**Data**
>>>>

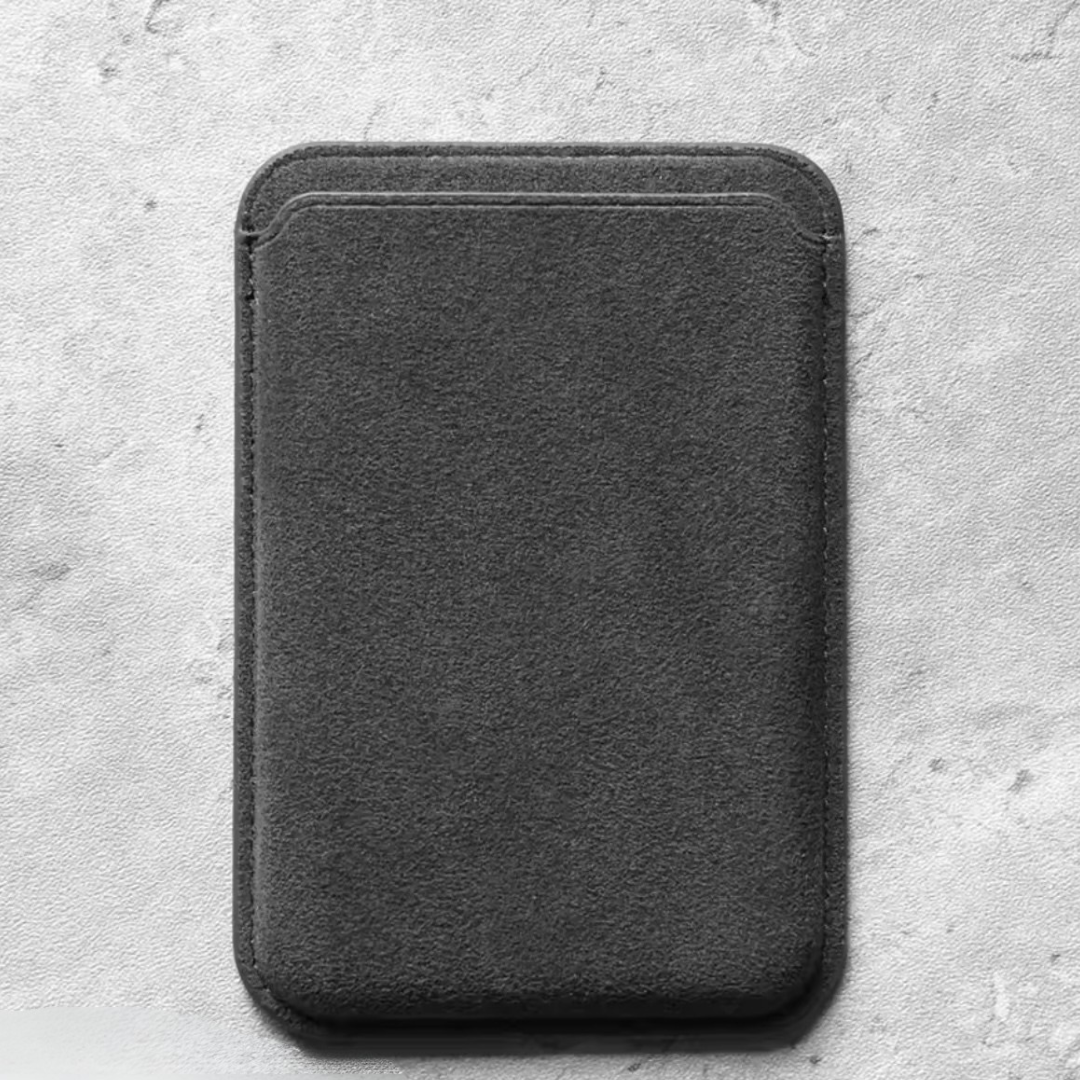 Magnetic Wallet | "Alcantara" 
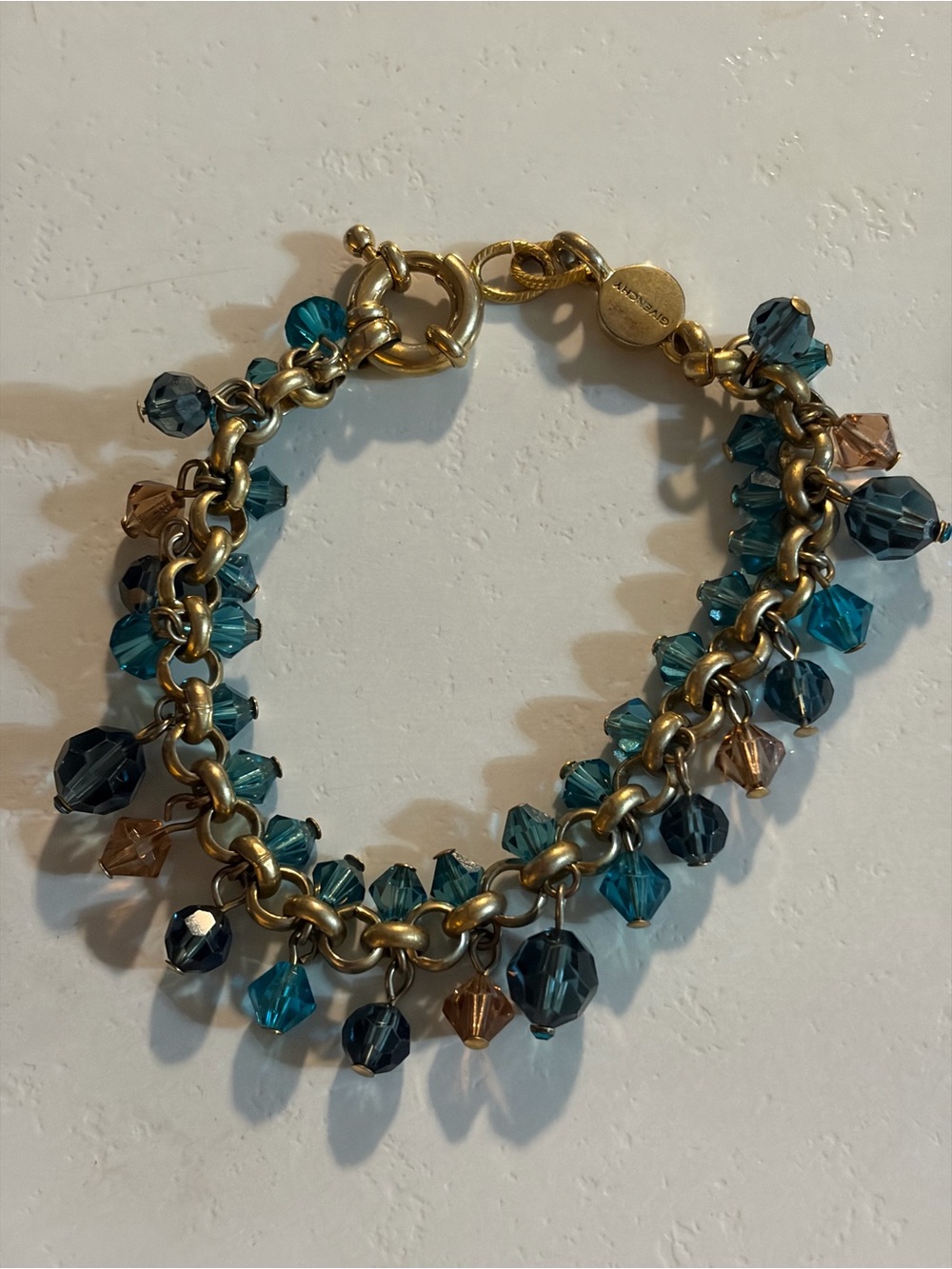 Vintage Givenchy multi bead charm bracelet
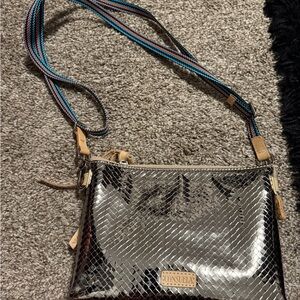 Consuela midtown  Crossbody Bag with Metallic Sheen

<<<<

**Work item**
Copy the data precisely. Skip every picture.

**Task output**
 Magnetic Wallet | "Alcantara" 
 Vintage Givenchy multi bead charm bracelet
 Consuela midtown  Crossbody Bag with Metallic Sheen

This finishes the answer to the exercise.